(453a) Prediction of Mean Ionic Activity Coefficient of NaCl-H2O System at High Concentrations Using Molecular Dynamics Simulations

Aqueous electrolyte thermodynamic models are extensively use to correlate and predict the liquid phase non-ideality for many industrial applications such as hydraulic fracturing, desalination, electrodialysis, e-waste and nuclear waste treatment, etc. Among the electrolyte thermodynamic models, Pitzer model [1] and electrolyte non-random two liquid (eNRTL) model [2] are the two most widely used models for aqueous electrolytes as the thermodynamic models for NaCl-H₂O to predict mean ionic activity coefficient. The Pitzer model is valid up to 6 molal whereas the eNRTL model claims to extrapolate up to pure salt. Specifically, for NaCl in water, the Pitzer model predicts a very sharp increase in mean ionic activity coefficient of NaCl after 6 molal. In contrast, the eNRTL model suggests the NaCl mean ionic activity coefficient should increase to a maximum and then decline with further increase in NaCl concentration. In this work, we use Molecular Dynamics simulations to calculate the mean ionic activity coefficient of aqueous NaCl system at 298.15 K and compare the predictions with those from the two thermodynamic models. The mean ionic activity coefficient is determined using the Kirkwood-Buff method [3]. The Kirkwood-Buff Force Field (KBFF) [4] parameters for NaCl are optimized to reproduce the NaCl lattice dimensions, ion to water oxygen contact distances, and Kirkwood-Buff Integral (KBI) which is related to mean ionic activity coefficient of aqueous NaCl solution. The predictions of the NaCl mean ionic activity coefficient beyond 6 molal from the Kirkwood-Buff method are found to be in line with the eNRTL model extrapolation and differ from the Pitzer model extrapolation.

References

[1] K.S. Pitzer, J.C. Peiper, and R.H. Busey, "Thermodynamic Properties of Aqueous Sodium Chloride Solutions," Journal of Physical and Chemical Reference Data, vol. 13, pp. 1-102, 1984.

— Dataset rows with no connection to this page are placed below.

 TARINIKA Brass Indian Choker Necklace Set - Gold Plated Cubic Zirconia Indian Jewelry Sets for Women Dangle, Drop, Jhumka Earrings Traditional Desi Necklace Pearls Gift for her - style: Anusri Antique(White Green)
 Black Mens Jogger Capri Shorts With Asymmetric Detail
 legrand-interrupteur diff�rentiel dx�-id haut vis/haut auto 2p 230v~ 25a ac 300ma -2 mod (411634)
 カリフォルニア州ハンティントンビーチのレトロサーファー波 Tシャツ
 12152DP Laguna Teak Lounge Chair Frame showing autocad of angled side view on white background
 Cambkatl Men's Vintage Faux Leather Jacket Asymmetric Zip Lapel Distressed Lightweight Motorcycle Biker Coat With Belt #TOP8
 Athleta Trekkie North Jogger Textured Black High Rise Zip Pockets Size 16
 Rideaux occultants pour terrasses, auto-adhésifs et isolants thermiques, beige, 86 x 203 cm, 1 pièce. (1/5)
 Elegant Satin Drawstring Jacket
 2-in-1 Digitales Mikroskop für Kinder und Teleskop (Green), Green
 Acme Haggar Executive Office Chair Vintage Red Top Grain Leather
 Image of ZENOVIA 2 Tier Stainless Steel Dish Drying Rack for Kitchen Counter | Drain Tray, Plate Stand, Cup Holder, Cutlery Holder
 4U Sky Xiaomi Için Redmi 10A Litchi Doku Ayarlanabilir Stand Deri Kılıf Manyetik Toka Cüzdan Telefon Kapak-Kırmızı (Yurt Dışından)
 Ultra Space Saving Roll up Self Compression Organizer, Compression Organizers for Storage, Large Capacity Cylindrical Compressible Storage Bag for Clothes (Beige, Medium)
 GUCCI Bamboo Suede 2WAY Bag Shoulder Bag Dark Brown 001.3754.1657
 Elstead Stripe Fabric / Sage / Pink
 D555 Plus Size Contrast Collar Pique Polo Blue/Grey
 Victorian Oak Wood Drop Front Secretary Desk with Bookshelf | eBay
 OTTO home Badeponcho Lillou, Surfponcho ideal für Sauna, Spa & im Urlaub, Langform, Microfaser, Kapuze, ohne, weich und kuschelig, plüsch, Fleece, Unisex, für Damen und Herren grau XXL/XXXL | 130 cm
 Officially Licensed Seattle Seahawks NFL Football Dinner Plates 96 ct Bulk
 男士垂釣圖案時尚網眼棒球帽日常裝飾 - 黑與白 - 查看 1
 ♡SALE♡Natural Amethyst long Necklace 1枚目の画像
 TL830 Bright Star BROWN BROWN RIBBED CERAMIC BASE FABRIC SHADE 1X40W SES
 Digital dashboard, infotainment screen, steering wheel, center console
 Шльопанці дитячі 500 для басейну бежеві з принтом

[2] Y. Yan and C.-C. Chen, "Thermodynamic representation of the NaCl + Na₂SO₄ + H₂O system with electrolyte NRTL model," Fluid Phase Equilibria, vol. 306, pp. 149-161, 2011.

[3] J.G. Kirkwood and F.P. Buff, "The statistical mechanical theory of solutions. I," Journal of Chemical Physics, vol. 19, pp. 774-777, 1951.

[4] S. Weerasinghe and P.E. Smith, "A Kirkwood–Buff derived force field for sodium chloride in water," Journal of Chemical Physics, vol. 119, pp. 11342-11349, 2003.